Entries shown START

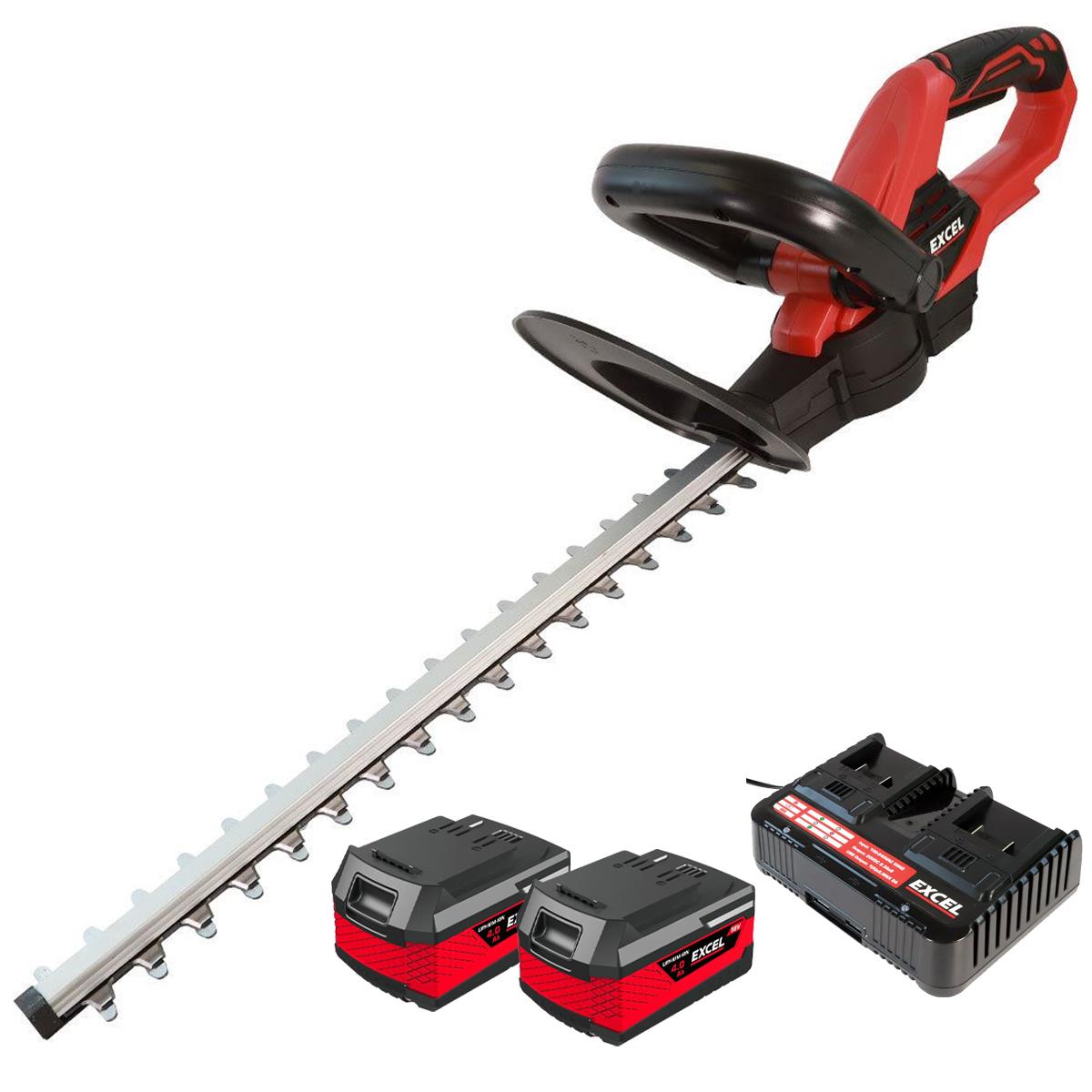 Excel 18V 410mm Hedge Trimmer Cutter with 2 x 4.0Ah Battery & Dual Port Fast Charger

Entries shown END
Entries shown START

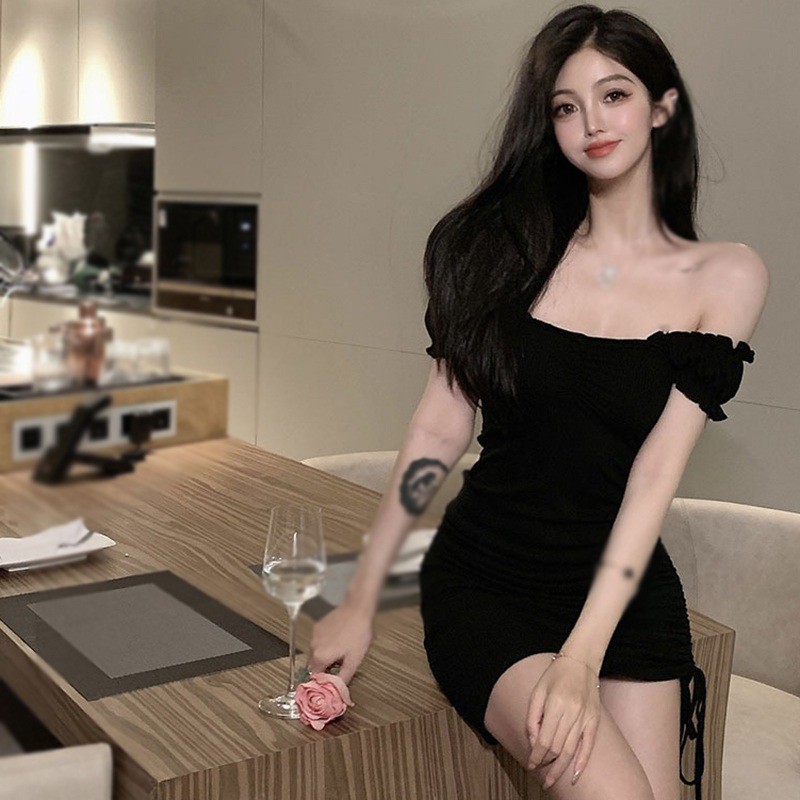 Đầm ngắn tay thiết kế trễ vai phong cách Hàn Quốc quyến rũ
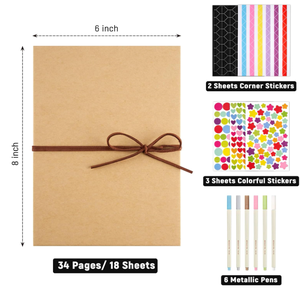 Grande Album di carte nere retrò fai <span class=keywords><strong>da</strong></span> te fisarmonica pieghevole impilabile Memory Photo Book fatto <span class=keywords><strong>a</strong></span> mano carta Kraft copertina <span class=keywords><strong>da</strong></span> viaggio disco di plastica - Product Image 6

Entries shown END
Entries shown START

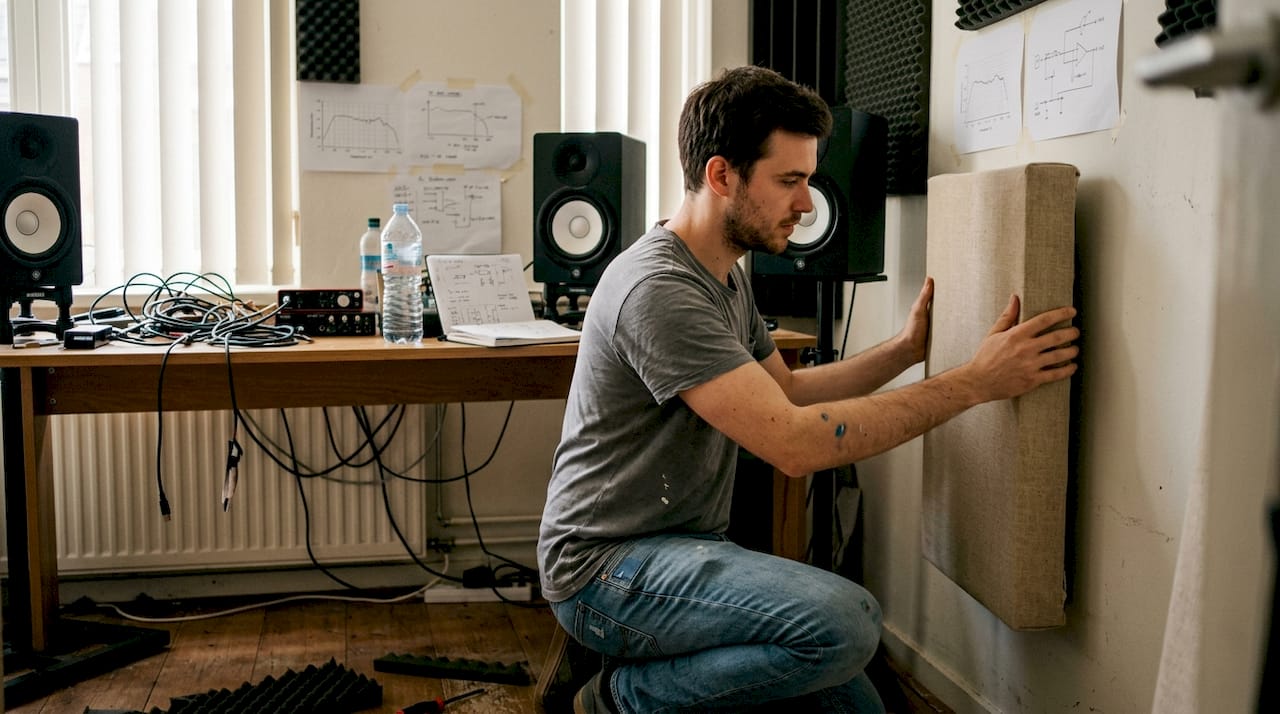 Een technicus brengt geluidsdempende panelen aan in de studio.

Entries shown END

Task requirements: Lines from the one above containing "Đầm ngắn tay" down to the one containing "Grande Album di" should be transcribed exactly, with both ends kept and no pictures.

Reply to the task:
 Đầm ngắn tay thiết kế trễ vai phong cách Hàn Quốc quyến rũ
 Grande Album di carte nere retrò fai <span class=keywords><strong>da</strong></span> te fisarmonica pieghevole impilabile Memory Photo Book fatto <span class=keywords><strong>a</strong></span> mano carta Kraft copertina <span class=keywords><strong>da</strong></span> viaggio disco di plastica - Product Image 6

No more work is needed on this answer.